アル中の世界を覗き見る
昼からストロング・ゼロを飲んでいると「自分はアル中になってしまったのではないか」という疑念が生まれてくる。アルコール中毒と言えばドラマや小説で描かれる地獄の様な苦しみが想起されて笑える事態ではない。
改めてアル中を描いた小説などを読もうと思ったけれど、ストロング・ゼロで脳味噌縛りをされると文章が滑って頭に入ってこないのでアル中漫画を読もうと思い立った。
ブログ『オリモノわんだーらんど』で注目を集めた漫画家まんしゅうきつこは、その陰で酒浸りの日々を送り、気づけばアル中に……。可笑しくも切ないアル中の日常を漫画化!
以前から『湯遊ワンダーランド』が好きで何度も再読していたのだけど、そのエピソード・ゼロとも言える本作を考えると「治る」のが約束されている安心感がある。歴史小説の結末を最初から知っている様な物だ。
酒の上での失態を積み重ね
酒を飲んでから文章を書いたり、家事をしたりすると記憶がないのに上手くいってるという経験から「お酒を飲めば今を乗り越えられる」という導入部から始まって、トークライブで大失態をしたり、幻聴に悩まされたりという描写が続く。自分には記憶がないのに周りからなじられたり、映像が残っているという現実はしんどい。

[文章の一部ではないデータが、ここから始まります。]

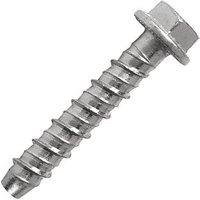 Rawlplug R-LX Flange Thread Cutting Concrete Bolts 7.5mm x 75mm 100 Pack (270PE)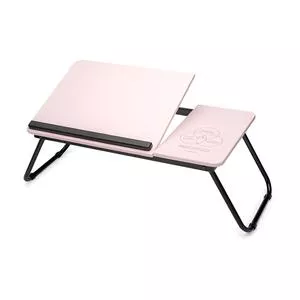 Bandeja Para Laptop Dobrável<BR>- Rosa Claro & Preta<BR>- 30x53x22cm<BR>- Imaginarium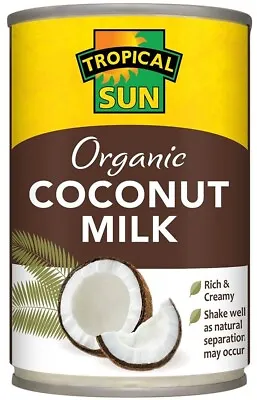 Tropical Sun Organic Coconut Milk - 6 Cans • £12.99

どのぐらいでそうなるのかを読み進めると1日でウィスキー1本とか日本酒5合だという。僕自身は記憶を無くしたりした経験がないのだけど、現実問題としてストロング・ゼロのロング缶なら2本、ビールのロング缶なら3本ぐらいで猛烈な眠気に襲われるので問題行動を起こしたり、中毒の許容範囲を超える前に無力化されてきた側面がある。飲み会の後半には烏龍茶を飲んでるし。
アル中の才能がなかった事への安堵と後悔
ちなみに500ml のストロング・ゼロに含まれるアルコール分はテキーラのショットの3.75杯分に相当するらしい。グビグビ飲んだらそりゃ気絶するのが普通だと思うのだけど、そんな中でも「飲み続けられる」という才能があるからこそ、酒の上での失態が起こるし、アル中にも邁進してしまうのだろう。
自分にはアル中の才能すらないことに安堵しながらも、貴重な休日が飲酒と漫画と睡眠で終わってしまった現実は変わらない。誰かと話す訳でもない飲酒は楽しさよりも眠さが勝つからそもそも飲むことに意味があるのかと思いながらも、気がついたら缶を開けている。開けてしまえば You can't stop。ストロング・ゼロが瓶やペットボトルではないのは開けたら最後まで飲み切らせるためだという。
そう考えると『湯遊ワンダーランド』の様にサウナに行くのが正しいのかもしれないし、何かしらの予定を作っていくべきなのかもしれない。その一方で平日の疲れが休日に何もしたくなくなる元凶になっている気もするので、もうちょっと上手くやらないといけないと思ったりもした。